The research stops here--the skills developed toward gene isolation and manipulation are put on hold while the rush to product development takes over. Imagine the implications of spraying all the timber plantations in the semi-wild with herbicides. But there is no research into these ecological consequences -- research dollars are committed to bringing products to market as soon as possible.

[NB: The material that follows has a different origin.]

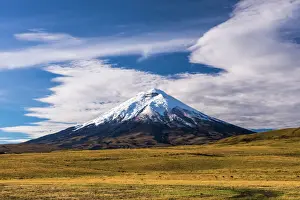 Volcano Prints: Cotopaxi Volcano 5897m summit, Cotopaxi National Park, Cotopaxi Province, Ecuador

Back in our labs, the push is also on. I've asked a number of scientists how they feel about herbicide tolerance being the pilot product of genetic engineering? How do they feel about the way the technology they develop is actually applied? Stephanie smiles, and though she is the leader of the molecular biology group, she just shakes her head and says she's glad herbicide tolerance isn't one of our projects. Rob also shakes his head, doesn't say anything. He's already had the funding pulled out from under projects he's worked on at two other labs, losing his job both times. He's not too anxious to make any statements. Pete, busy at the chemistry bench, shrugs his shoulders and acknowledges that funding is everything. ""You work on what they are willing to fund.''
Steven, one of the younger scientists, once confided to me that the herbicide tolerance work is dangerous. He was labeled a liberal by the rest of the group for being against the attack on Iraq. This relatively mild political stance made his lab mate so uncomfortable she stopped speaking to him. He recently left the labs to go back to graduate school and study environmental law. Two years ago, another young cell biologist left for law school. He, however, was going to be a patent attorney.

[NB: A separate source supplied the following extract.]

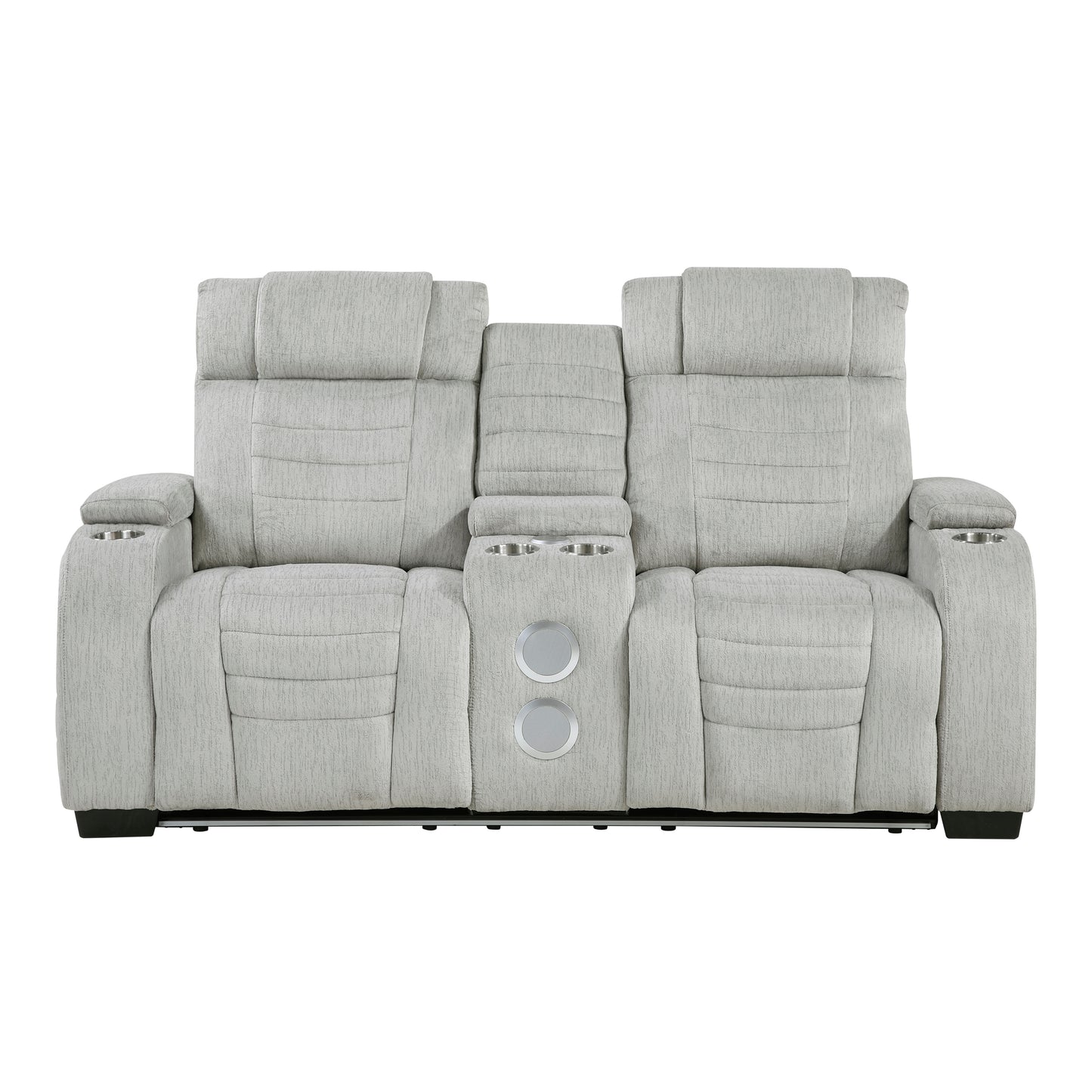 8455GRY*2 - 2pc Set: Sofa, Love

Stephanie, Rob and Steven, the dedicated bench scientists, are not the driving forces of the operation. There is another career track in the labs, the scientist turned businessman/manager. Tim, the cell biology leader, is competent and professional, definitely a candidate for the business track, although he rather ruefully told me one day, ""I went to graduate school in the '70s. The structure of DNA had just been identified. It was incredibly exciting. The scientists in those years had a say in the direction the discovery could take. There was a tremendous amount of debate on the responsible application of the science. I never would have believed then that I would end up working in industry.'' He now is wholeheartedly committed to the projects assigned to him. Edgar has been sharpening his business and management skills, and has teamed with with go-getter Matt, who is a Ph.D. in biochemistry turned MBA. Together they have plans to take our group to the top, to be first in both technology and business development. They are a fair representation of what science is these days: competitive and very business oriented. Not long ago I heard Matt commenting, ""we've got the solution, now all we need is the problem.'' He was talking about some finding on altering the starch content in wheat that had the potential of being applied to pasta production. It turns out that the big food processors have a problem with pasta microwavability -- the pasta gets mushy. Excited discussion percolated throughout the company about the microwave oven application.